Re: megaraid_sas waiting for command and then offline

Joe Malicki <jmalicki@xxxxxxxxxxxxx> · Mon, 11 Dec 2006 22:04:57 -0500

>  I have the same or a similar issue running 2.6.17 SMP x86_64 - the
> megaraid_sas driver hangs waiting for commands and then the filesystem
> unmounts, leaving the machine in an unusable state until there is a hard
> reboot (the machine is responsive but any access, shell or otherwise, is
> impossible without the filesystem). While I do not have much debugging
> information available, this happens to me about once every 6-7 days in
> my pool of seven machines, so I can probably get debugging info.
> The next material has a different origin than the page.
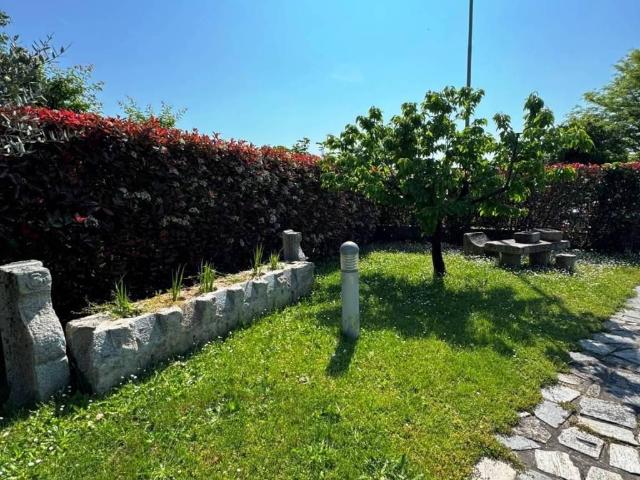 Villa in vendita a Rozzano MI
Since
> the disk is offline and I can't get remote console, I don't have any
> details except something similar to Dave Lloyd's post, below.
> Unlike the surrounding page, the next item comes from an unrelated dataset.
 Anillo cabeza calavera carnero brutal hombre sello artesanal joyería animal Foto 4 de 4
Brett, is this still happening to you?  We're seeing this very
sporadically, but it does concern us.  We've seen driver updates in
2.6.19 (v00.00.03.05) and a new Dell PERC 5/i firmware:

Package Version - 5.0.2-0003
Firmware Version - 1.00.01-0157
SASBIOS Version - MT23
Ctrl-R Version - 1.02-007
MPT Version - 00.06.71.00-IT

and haven't been able to reproduce it, but we can't find a test case to
reliably reproduce the problem to know that anything was fixed (out of
31 identically configured Dell 2950's with the PERC 5/i RAID controller
(configured with 6 300MB SAS drives in a RAID 5, most (all?) of them
Maxtor Atlas 10k, not hot spare).  Our 2950s do have 16GB of RAM each,
so the firmware update (which mentions that it fixes DMA beyond 8GB)
sounds promising, but I would think that if that was the problem we were
experiencing, we would reproduce this much more often?  We are certainly
using the RAM for cache and memory, it's not like we've never touched
beyond 8GB.

Does anyone have a test case to reproduce this problem reliably, or a
detailed description of what actually happens (on low levels) when this
problem occurs that can help to make a test?  We are more interested in
making this reproducible now than in finding a workaround... if anyone
has any tips on how to make this *more* likely to happen we'd like to
know (so far, I know to try to use XFS and enable ReadAhead).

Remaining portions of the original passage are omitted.